Mais voilà, les choses ont changé. Et subitement, le risque de guerre affole les chancelleries. Pas parce que la Russie est plus agressive, s’enlisant dans un conflit qui ressemble à une guerre de positions, mais parce que l’Europe ne bénéficiera plus de la protection américaine, les États-Unis et la Russie ayant probablement signé un nouvel accord de Yalta.
Mais que penser de ces déclarations ? L’Europe recommande de constituer un kit de survie pour « tenir » pendant trois jours. Mais c’est grotesque : si un conflit, quelle que soit sa nature, se déclenche, les choses ne reviendront pas à la normale après trois jours, comme une mauvaise grippe. Et quand le secrétaire général de l’OTAN promet une réponse dévastatrice si la Russie s’attaque à un pays de l’OTAN – qui ne sera certainement pas la surarmée Pologne (ayant retenu la leçon du 17 septembre 1939), mais plutôt un État balte – et promet une réponse dévastatrice, de quoi parle-t-il ? D’envoyer des troupes ? Ou d’attaquer la Russie ? Vraiment ? Avec l’accord des Américains ? Certainement pas. Mais avec le risque d’une riposte immédiate de la Russie, ce qui entraînerait un déclenchement continental du conflit.
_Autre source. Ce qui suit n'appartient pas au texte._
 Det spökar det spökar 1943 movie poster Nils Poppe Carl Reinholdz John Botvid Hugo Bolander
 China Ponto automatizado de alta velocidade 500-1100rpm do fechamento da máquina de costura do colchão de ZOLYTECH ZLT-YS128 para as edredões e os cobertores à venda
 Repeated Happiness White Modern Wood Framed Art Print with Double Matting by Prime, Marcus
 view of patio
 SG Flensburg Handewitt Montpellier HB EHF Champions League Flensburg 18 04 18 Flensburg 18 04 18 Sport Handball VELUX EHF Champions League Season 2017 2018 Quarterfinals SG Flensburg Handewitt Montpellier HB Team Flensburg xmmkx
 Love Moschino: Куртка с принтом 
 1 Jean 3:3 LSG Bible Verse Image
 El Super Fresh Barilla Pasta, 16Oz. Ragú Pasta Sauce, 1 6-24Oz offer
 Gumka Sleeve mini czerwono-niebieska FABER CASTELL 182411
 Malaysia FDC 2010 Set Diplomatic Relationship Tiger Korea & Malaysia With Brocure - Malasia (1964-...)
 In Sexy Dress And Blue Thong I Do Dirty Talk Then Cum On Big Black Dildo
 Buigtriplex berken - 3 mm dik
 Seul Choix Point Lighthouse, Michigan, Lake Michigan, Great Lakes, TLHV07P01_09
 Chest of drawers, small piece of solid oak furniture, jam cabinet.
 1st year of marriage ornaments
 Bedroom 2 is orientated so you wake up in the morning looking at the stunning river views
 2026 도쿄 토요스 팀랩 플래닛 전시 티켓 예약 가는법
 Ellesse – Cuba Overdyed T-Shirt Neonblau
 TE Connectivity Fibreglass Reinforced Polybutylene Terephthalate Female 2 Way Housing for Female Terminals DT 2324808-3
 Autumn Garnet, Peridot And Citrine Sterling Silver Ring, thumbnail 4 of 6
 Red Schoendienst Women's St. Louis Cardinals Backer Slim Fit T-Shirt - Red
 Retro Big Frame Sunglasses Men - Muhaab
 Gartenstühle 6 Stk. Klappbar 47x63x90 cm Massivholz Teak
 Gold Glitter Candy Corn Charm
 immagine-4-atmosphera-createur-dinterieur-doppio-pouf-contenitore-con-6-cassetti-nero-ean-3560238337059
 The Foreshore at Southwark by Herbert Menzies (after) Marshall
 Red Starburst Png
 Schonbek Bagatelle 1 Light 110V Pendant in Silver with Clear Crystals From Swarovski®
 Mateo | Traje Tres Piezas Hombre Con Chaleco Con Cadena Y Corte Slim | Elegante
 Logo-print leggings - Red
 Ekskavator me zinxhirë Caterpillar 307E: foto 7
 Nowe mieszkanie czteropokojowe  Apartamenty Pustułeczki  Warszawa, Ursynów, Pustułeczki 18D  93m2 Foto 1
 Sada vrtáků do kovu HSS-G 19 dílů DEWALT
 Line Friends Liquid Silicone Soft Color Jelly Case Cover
Il ne s’agit pas de nier les risques de conflit, mais de réfléchir. Non pas à la guerre, mais à la paix, qui, contrairement à ce que l’adage prophétise, ne se veut pas en préparant la guerre. Les peuples doivent exiger la paix. Toujours. Le tracé de l’humanité est une guerre permanente, et le XXe siècle a soigneusement démontré que nous étions capables d’en organiser deux mondialement, et de saccager la nature au nom de nos insatiables désirs matériels. N’en est-ce pas assez ? Ne valons-nous tous pas mieux que d’être les objets de l’équilibre de la « terreur », comme si la terreur apportait un quelconque équilibre ?
Ce que j’écris est peut-être naïf, mais c’est un monde de confiance que nous devons léguer. C’est un monde où la parole doit être belle et confiante. Où les tristes passions sont combattues. Un monde où les résignations sont écartées. Il faut disperser les nations en guerre.
Et dans ces moments d’indécision, je relis souvent les sermons de Bossuet, et en particulier celui sur la mort, prêché en 1662 : mais c’est nous, mortels misérables, qui refusons de voir ce triste spectacle, comme la conviction de nos erreurs.
À méditer en ce jour de printemps où les bourgeons explosent.